# Wyndham grand desert - totally booked from middle of Jan to May 1st



## Bigbirchbrat (Sep 18, 2016)

I find this really stange:we have been booking weeks at Wyndham  grand desert for years now.   Trying to book a week in March.   No  luck.   Not even one day.   From middle of Jan to May 1st!  How can that be?   That is 6 mos out,  and not even an open day!   Computer glitch?


----------



## ronparise (Sep 18, 2016)

I saw the same thing at national harbor recently. A few days later everything opened up

I don't get it either


----------



## ilya (Sep 18, 2016)

I was wondering the same thing. A few days ago  there was plenty.


----------



## Jan M. (Sep 18, 2016)

On various other threads when people have been blaming megarenters I have commented about the lack of availability at a number of resorts in the past year and said that I thought Wyndham was responsible more so than the megarenters. 

Earlier this year we were planning a trip to Vegas and I was looking at Desert Blue. Not one single night was available for at least 4 months. I had to call about something else and mentioned to the rep that I had been watching Desert Blue and wondered why there was absolutely nothing for such an extended period of time. She didn't believe me until she looked for herself.  Her reaction was the same as mine because so many more points are needed to book Desert Blue and it is farther away from the Strip it isn't proving to be as popular as Grand Desert. She did some checking and came back with the type of response they give when they aren't allowed to tell us anything. 
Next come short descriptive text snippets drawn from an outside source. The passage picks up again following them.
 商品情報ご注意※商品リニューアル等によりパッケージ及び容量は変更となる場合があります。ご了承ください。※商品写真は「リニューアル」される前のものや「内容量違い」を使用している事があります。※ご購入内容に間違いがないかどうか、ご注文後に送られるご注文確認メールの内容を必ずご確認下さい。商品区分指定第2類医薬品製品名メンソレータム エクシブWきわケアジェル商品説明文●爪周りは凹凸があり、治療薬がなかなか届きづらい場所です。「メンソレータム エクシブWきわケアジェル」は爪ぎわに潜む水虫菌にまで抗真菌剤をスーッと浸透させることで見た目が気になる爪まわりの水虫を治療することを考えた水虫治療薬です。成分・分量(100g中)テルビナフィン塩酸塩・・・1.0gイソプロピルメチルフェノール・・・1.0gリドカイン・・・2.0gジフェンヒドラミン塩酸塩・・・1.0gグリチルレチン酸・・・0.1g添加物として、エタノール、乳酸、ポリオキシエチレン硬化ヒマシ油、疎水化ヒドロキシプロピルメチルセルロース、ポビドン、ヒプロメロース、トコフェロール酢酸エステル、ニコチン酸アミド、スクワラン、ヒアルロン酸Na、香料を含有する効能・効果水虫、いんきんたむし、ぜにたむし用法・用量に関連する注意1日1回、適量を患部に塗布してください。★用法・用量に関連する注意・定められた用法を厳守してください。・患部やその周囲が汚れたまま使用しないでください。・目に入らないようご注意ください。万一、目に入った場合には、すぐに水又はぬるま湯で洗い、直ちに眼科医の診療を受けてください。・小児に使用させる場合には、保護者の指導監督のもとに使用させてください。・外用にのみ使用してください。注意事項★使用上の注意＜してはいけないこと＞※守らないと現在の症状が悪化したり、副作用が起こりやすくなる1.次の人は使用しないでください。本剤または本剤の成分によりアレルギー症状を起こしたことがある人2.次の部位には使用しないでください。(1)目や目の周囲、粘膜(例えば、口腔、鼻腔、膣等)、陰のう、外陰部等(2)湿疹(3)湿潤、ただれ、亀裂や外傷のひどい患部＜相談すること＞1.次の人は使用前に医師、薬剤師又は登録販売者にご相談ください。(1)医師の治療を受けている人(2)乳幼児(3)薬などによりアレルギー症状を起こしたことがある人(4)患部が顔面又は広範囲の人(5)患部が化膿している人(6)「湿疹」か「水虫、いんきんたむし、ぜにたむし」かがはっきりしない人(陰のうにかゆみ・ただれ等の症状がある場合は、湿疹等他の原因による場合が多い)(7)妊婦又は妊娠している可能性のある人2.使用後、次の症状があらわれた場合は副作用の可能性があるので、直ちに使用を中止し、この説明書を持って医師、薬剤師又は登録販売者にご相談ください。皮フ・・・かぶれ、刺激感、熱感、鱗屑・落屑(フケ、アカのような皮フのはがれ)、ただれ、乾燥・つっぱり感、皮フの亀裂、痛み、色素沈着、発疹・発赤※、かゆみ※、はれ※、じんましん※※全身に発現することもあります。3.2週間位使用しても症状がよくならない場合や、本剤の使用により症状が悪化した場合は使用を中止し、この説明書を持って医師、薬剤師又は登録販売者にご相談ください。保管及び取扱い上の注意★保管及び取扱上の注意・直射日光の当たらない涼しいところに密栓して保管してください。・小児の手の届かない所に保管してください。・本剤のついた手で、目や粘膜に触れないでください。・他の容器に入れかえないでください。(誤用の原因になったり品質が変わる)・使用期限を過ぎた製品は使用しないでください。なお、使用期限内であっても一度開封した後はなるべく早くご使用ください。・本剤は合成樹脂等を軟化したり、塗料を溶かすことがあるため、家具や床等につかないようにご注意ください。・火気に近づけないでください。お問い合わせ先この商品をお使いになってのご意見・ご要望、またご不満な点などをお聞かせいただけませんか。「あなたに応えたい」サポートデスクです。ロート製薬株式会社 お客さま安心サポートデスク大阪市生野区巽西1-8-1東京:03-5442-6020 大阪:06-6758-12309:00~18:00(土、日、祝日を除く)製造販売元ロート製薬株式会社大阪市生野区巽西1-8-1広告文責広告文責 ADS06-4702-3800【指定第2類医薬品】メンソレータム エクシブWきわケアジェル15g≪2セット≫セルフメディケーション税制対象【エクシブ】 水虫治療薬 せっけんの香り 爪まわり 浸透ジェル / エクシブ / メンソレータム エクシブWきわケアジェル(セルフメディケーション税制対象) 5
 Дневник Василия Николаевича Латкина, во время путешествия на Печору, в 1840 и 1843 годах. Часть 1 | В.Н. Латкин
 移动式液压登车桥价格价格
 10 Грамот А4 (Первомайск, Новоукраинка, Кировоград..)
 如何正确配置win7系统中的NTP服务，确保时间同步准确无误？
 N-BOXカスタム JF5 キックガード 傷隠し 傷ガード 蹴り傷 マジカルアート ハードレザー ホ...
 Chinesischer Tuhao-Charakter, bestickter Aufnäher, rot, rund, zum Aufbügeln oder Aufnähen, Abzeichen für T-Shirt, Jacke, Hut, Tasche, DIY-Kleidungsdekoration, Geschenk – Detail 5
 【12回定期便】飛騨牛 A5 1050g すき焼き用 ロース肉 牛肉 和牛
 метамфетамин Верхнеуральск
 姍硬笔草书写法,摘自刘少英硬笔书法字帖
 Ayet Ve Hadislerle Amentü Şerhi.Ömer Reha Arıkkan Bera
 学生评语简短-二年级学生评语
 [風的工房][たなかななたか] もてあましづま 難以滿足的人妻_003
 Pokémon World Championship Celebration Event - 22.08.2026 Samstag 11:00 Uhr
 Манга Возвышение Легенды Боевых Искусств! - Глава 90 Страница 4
Anyhow this led me to start watching several resorts and found that this wasn't an isolated incident. 

I bet if you go to Expedia, Travelocity or Orbitz you can find plenty of stays in the one and two bedroom units that Wyndham is selling.


----------



## vacationhopeful (Sep 18, 2016)

My, my ... are those dates within the 60 days window (when Wyndham is allowed to book up to 90% of the available inventory?)


----------



## Jan M. (Sep 18, 2016)

vacationhopeful said:


> My, my ... are those dates within the 60 days window (when Wyndham is allowed to book up to 90% of the available inventory?)



No they are not.

I'm not asking sarcastically, this is a sincere question. Where does it say in writing that Wyndham can take 90% of the inventory within 60 days? Is this something that is in the contacts/deeds we signed when we purchased? 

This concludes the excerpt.